Tarell Alvin McCraney
Acclaimed for his script that was the basis for Moonlight, which won him and fellow inductee Jenkins an Oscar for Best Adapted Screenplay, Tarell Alvin McCraney's academic potential was recognized early. Raised in a working-class family in Liberty City by a mother who struggled with drug addiction, he found himself tracked into a magnet program from middle school that let him focus on literature and performing arts; graduating from New World School of the Arts. McCraney says he is obsessed with telling stories, and credits his grandfather, who was a Baptist minister, for deepening his understanding of the spiritual power of narrative. Growing up alongside immigrants from Haiti and Cuba also influenced his writing as seen in the trilogy of dramas, The Brother/Sister Plays. His ability to merge the mundane with the profound and to draw complex emotions out of people is a hallmark of McCraney's work. He has seen eight plays produced, written two screenplays, won a McArthur Genius Grant and adapted Shakespeare for the Royal Shakespeare Company in London. Not to mention serving as the Chair of Playwriting at Yale School of Drama.

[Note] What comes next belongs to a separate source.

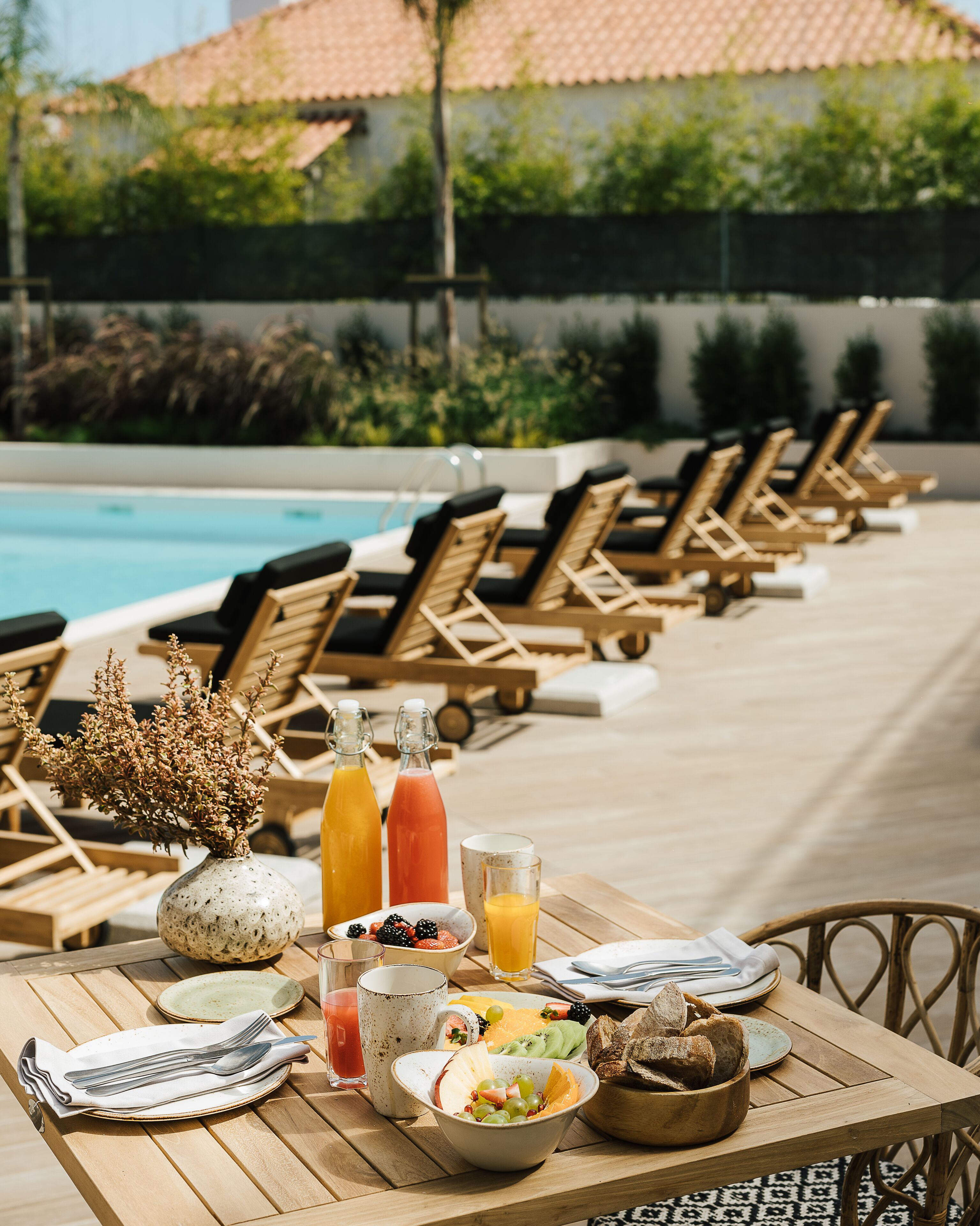 Ein Essbereich am Pool mit Liegestühlen, einem mit Frühstück gedeckten Tisch und einem Pool im Hintergrund.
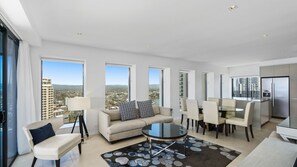 A modern living room with a sofa, a coffee table, and a dining area with chairs. Large windows provide a view of the cityscape. - Esplanade Soul Apartment 3001 (Surfers Paradise)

At 84 years young, Sam Moore is the singer behind the R & B duo, Sam & Dave, and Soul Man; the last song earning him induction into the Grammy Hall of Fame. Moore's career began, like many others--inside the long gone, black nightclub on 20th Avenue in Liberty City called The King of Hearts. But unlike others who performed on that stage like Memphis-born Aretha Franklin and Georgia-born partner Dave Prater, Sam Moore was homegrown. Born in Overtown, he attended Booker T. Washington Senior and is the only Miamian in the Rock and Roll Hall of Fame. He has played command performances for the Queen of England and six presidents from Jimmy Carter to present day bringing his Miami music royalty to Ocean Drive as grand marshal of the Veteran's Day parade this past November. Sam's hometown pride is contagious and his love of young people is evident--partnering with local organizations like Guitars Over Guns, Miami Music Project and Little Kids Rock to put musical instruments in the hands of students and lending his voice to the a cappella choir from Miami Arts Studio 6-12 at Zelda Glazer.
It's a good thing for Miami-Dade that Mitchell Kaplan decided against becoming a lawyer. Born and raised on Miami Beach, this Beach High graduate went on to receive his English degree and for a short time debated whether his father's profession of law was a better choice. However, his love of literary culture landed Mitch back in Miami as an English teacher at Southridge Senior High. With the idea of becoming a bookseller in the back of his mind, Kaplan opened Books & Books in Coral Gables in 1982 - just 2 blocks from where the flagship location stands today. Two years later, he co-founded the Miami Book Fair, now the largest of its kind in the nation, deepening Miami's cultural footprint. Over time, Books & Books has expanded to nine locations including one in Grand Cayman and one in Key West with children's and young adult author Judy Blume. Although always connected to bookstores, Mitch is now also a publisher, podcaster and succesful movie producer. His company Mazur Kaplan will commence production, this spring on the suspense thriller, Let Him Go, starring two-time Oscar winner Kevin Costner and Diane Lane.